Earlier this year, the President proposed a 48 percent cut in the hydrogen research budget. Meanwhile, as with previous technological races, German and Japanese automakers and energy companies are leading the hydrogen/fuel cell race while Detroit and Houston lag behind. Preserving reliance on petroleum while failing to lay the groundwork for a hydrogen-based electricity and transportation system will seriously weaken national energy security and diversity, and reduce the competitiveness of U.S. companies in the fierce automotive and energy markets.

6. Decarbonization: Not Recarbonization Since 1850, the world energy system has been steadily moving from fuels with a higher carbon content to one with a lower content. For reasons of efficiency and availability, we have moved from wood to coal, from coal to oil, and now from oil to natural gas. The next shift-to hydrogen-is on the horizon and the risks of climate change demand that we hasten its arrival. Over the past several years, oil and automobile executives have publicly acknowledged this "decarbonization" trend, noting that the age of oil is coming to an end (see below). Yet our political leaders have failed to openly discuss with the American public the urgent need to decarbonize, suggesting instead a "fossil fuels forever" philosophy that lacks the long-term vision its energy policy professes to have.

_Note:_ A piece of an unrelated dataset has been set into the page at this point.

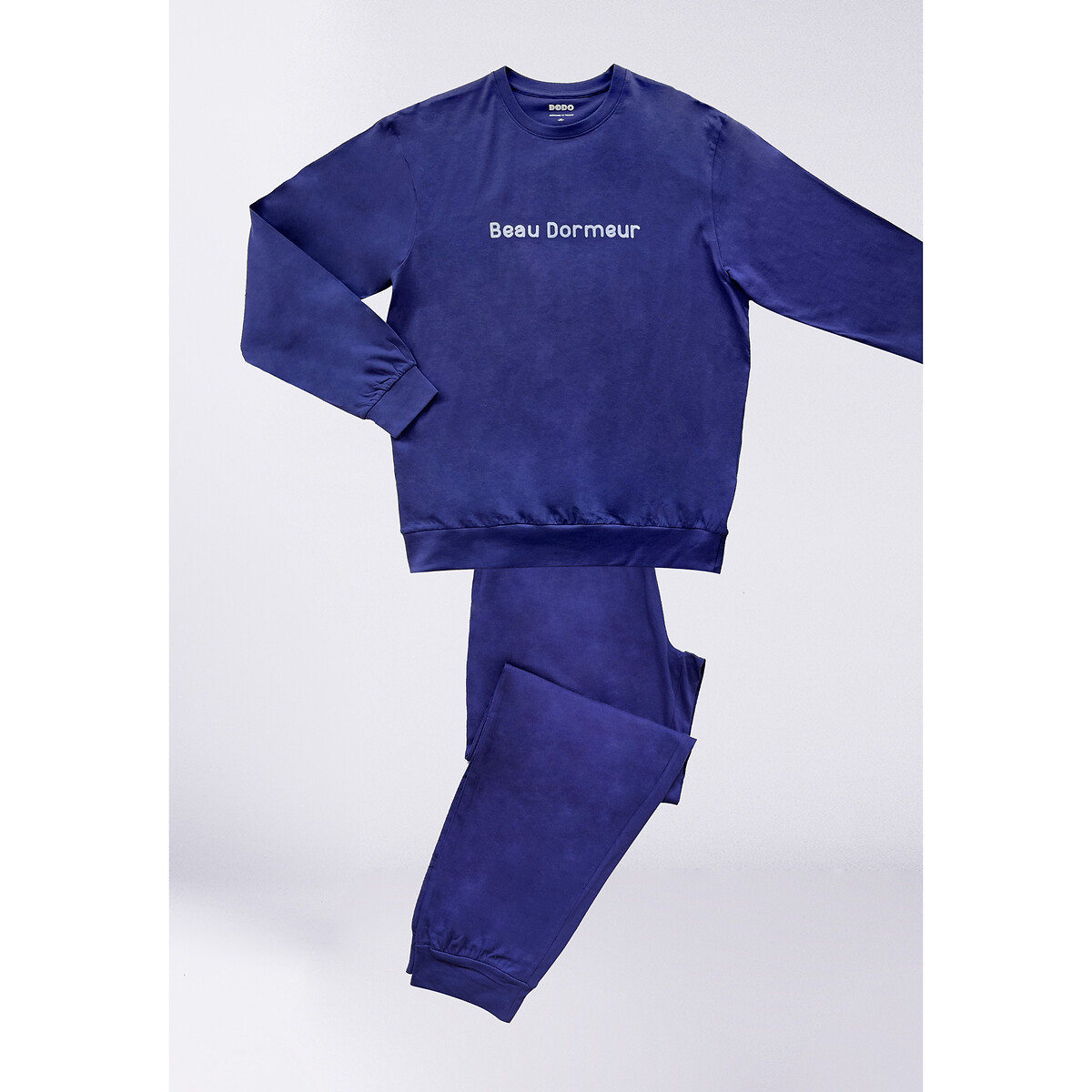 Пижама с длинными рукавами beau dormeur  XXL синий LaRedoute, размер XXL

7. Industry Executives vs. Bush

Michael Bowlin, CEO, ARCO (now BP), Houston, TX, February 9, 1999: "We've embarked on the beginning of the last days of the age of oil…Embrace the future and recognize the growing demand for a wide range of fuels, or ignore reality and slowly-but surely-be left behind."

GM Executive Director Robert Purcell, National Petrochemical & Refiners Association 2000 Meeting, May 2000: "Our long-term vision is of a hydrogen economy." Frank Ingriselli, President, Texaco Technology Ventures, Washington, DC, April 23, 2001: "Market forces, greenery, and innovation are shaping the future of our industry and propelling us inexorably towards hydrogen energy. Those who don't pursue it…will rue it."

Presidential candidate George W. Bush, Pontiac, MI, October 13, 2000: "No matter how advanced our economy might be, no matter how sophisticated our equipment becomes, for the foreseeable future we will still depend on fossil fuels."